Exercise materials ▸

==*==

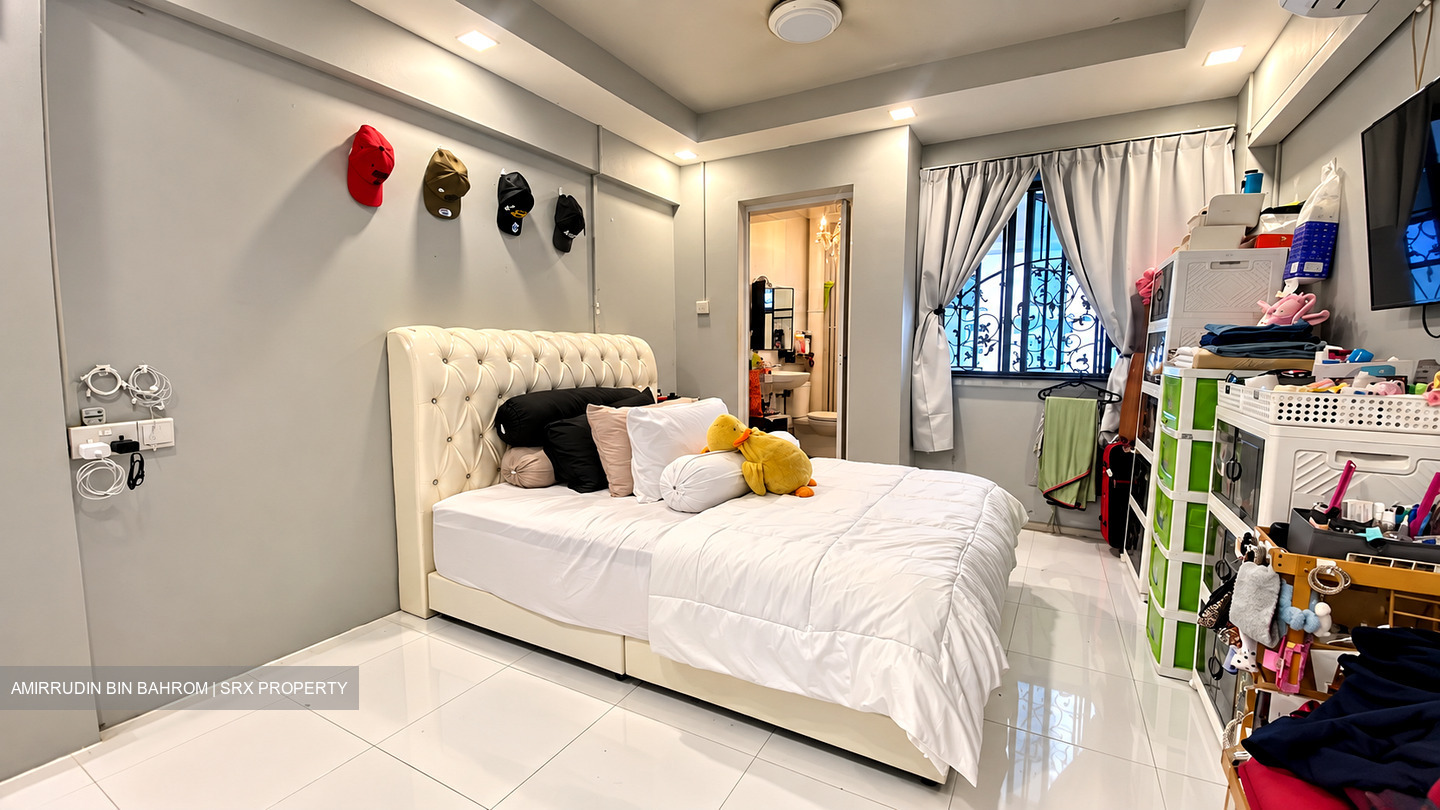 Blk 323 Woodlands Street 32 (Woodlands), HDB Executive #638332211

==*==

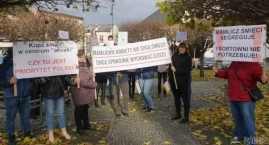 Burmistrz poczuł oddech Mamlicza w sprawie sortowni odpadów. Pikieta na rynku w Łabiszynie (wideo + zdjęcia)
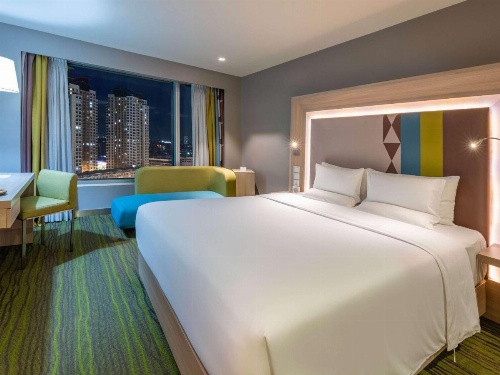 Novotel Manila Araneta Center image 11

==*==

Directions ▸ Find the line with "Burmistrz poczuł oddech" in the data above, and from there retype each line exactly through the line with "Novotel Manila Araneta Center image 11", skipping the pictures along the way.

Answer to this task ▸
 Burmistrz poczuł oddech Mamlicza w sprawie sortowni odpadów. Pikieta na rynku w Łabiszynie (wideo + zdjęcia)
 Novotel Manila Araneta Center image 11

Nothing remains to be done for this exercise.